Number HCF = 6. Letter HCF: lowest power of x is x¹; lowest power of y is y¹. So HCF = 6xy.

1.2 — Fully factorise 16x − 24

HCF(16, 24) = 8. 16x ÷ 8 = 2x; 24 ÷ 8 = 3. Answer: 8(2x − 3).

1.3 — Fully factorise 9x²y + 12xy + 6xy²

Number HCF = 3. Letter HCF = xy. Total HCF = 3xy.
9x²y ÷ 3xy = 3x; 12xy ÷ 3xy = 4; 6xy² ÷ 3xy = 2y. Answer: 3xy(3x + 4 + 2y).

1.4 — Fully factorise 7a²b − 14ab² + 21ab

Number HCF = 7. Letter HCF = ab. Total HCF = 7ab.
7a²b ÷ 7ab = a; 14ab² ÷ 7ab = 2b; 21ab ÷ 7ab = 3. Answer: 7ab(a − 2b + 3).

1.5 — Factorise by grouping 2x + 6 + xy + 3y

Pair up: (2x + 6) + (xy + 3y).
Factor each pair: 2(x + 3) + y(x + 3).
Pull out (x + 3): (x + 3)(2 + y).

1.6 — Rectangle 20a²b + 30ab²

(a) Number HCF = 10, letter HCF = ab → 10ab(2a + 3b).
(b) Other side = (2a + 3b).
(c) When a = 2, b = 1: area = 10(2)(1)(2(2) + 3(1)) = 20 × (4 + 3) = 20 × 7 = 140 square units.

2 — Find the mistake

(a) The mistake is on Line 2 (and it propagates through Lines 3, 4, 5).
(b) The letter HCF takes the lowest power of each common letter.
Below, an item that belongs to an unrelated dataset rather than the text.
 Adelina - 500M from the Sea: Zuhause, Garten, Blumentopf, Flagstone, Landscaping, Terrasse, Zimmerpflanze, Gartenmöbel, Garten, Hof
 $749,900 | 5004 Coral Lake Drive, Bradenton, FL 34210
The lowest power of y between y² and y³ is y², not y³. The student picked the higher power.
(c) Corrected working:
Number HCF: 12.
Letter HCF: lowest powers — x² and y². So letter HCF = x²y².
Total HCF = 12x²y².
24x³y² ÷ 12x²y² = 2x; 36x²y³ ÷ 12x²y² = 3y.
Fully factorised: 12x²y²(2x − 3y).
Lesson § "Common Pitfalls" warns specifically about this lowest-power rule.

3 — Open-ended challenge (sample solutions)
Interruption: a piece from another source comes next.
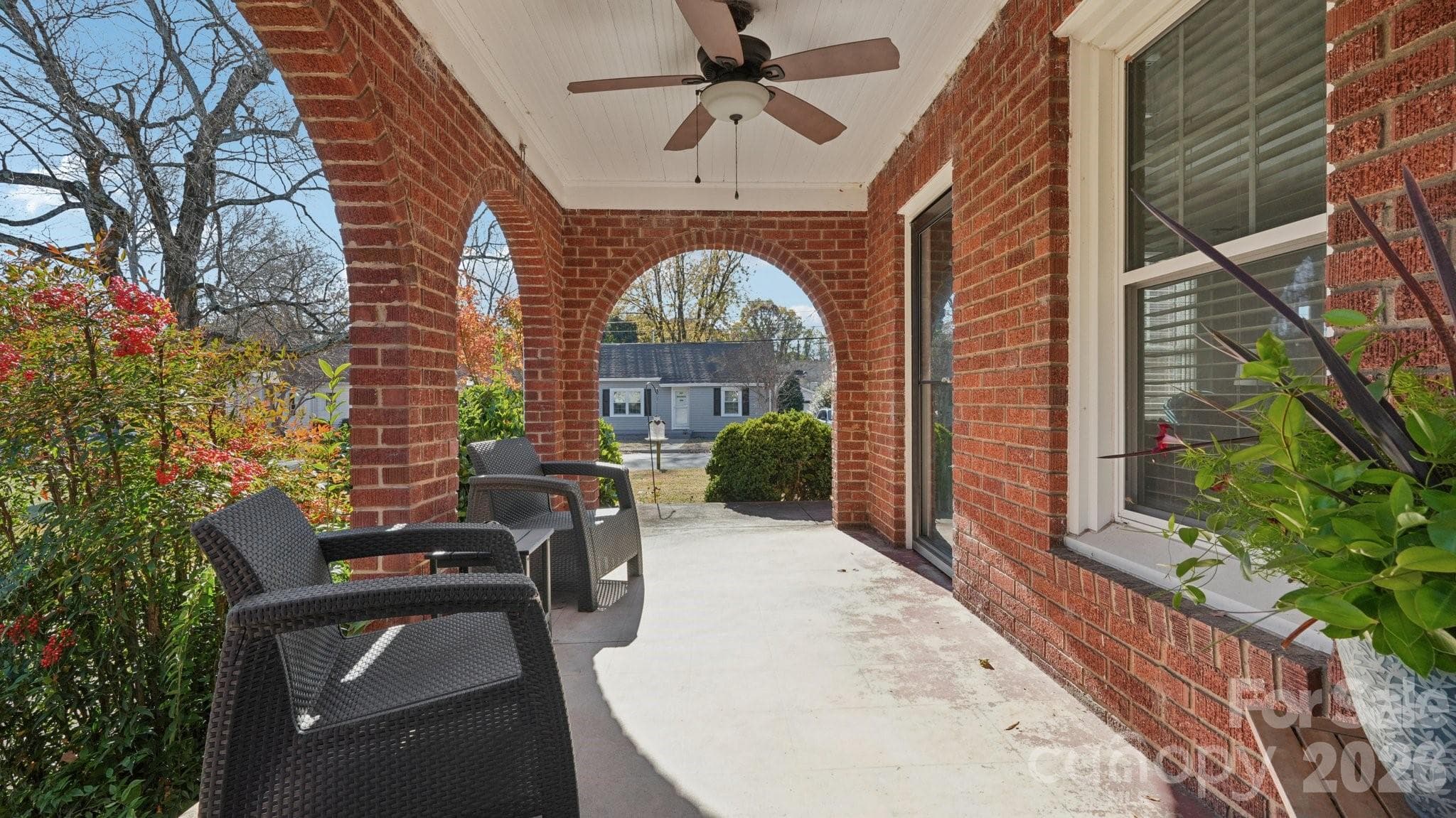 Single Family Residence at 552 Hyde Park Drive NE, Concord, photo 4 of 38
Sample 1 — HCF exactly 6xy
Expression: 12x²y + 18xy² + 30xy.
(i) Each term checks: 12x²y ÷ 6xy = 2x ✓; 18xy² ÷ 6xy = 3y ✓; 30xy ÷ 6xy = 5 ✓.
(ii) Inside the bracket the three terms (2x, 3y, 5) share no common factor (GCD(2,3,5) = 1 and the letters do not repeat), so 6xy cannot be enlarged.
(iii) Fully factorised: 6xy(2x + 3y + 5).

Sample 2 — with a negative (bonus)
Expression: 12x²y − 18xy² + 6xy.
Each ÷ 6xy gives 2x, −3y, 1 → coprime ✓.
Fully factorised: 6xy(2x − 3y + 1).

Marking: 1 for a valid three-term expression, 1 for showing 6xy divides every term, 1 for arguing no larger factor divides all three (coprime inner terms), 1 for the fully factorised form. Full marks for any valid construction.